(Source material Opens)

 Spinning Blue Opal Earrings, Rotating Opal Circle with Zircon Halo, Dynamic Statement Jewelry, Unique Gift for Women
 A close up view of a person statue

(Source material Closes)
(Source material Opens)

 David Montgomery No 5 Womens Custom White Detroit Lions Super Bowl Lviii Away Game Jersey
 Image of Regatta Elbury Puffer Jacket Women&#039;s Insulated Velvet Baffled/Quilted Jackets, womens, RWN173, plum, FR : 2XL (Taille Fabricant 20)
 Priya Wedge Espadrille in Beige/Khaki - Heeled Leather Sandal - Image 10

(Source material Closes)

**What you are asked to do**:
Exactly one number is the answer: how many lines in the data include the word "Image".

**Answer to the exercise**:
2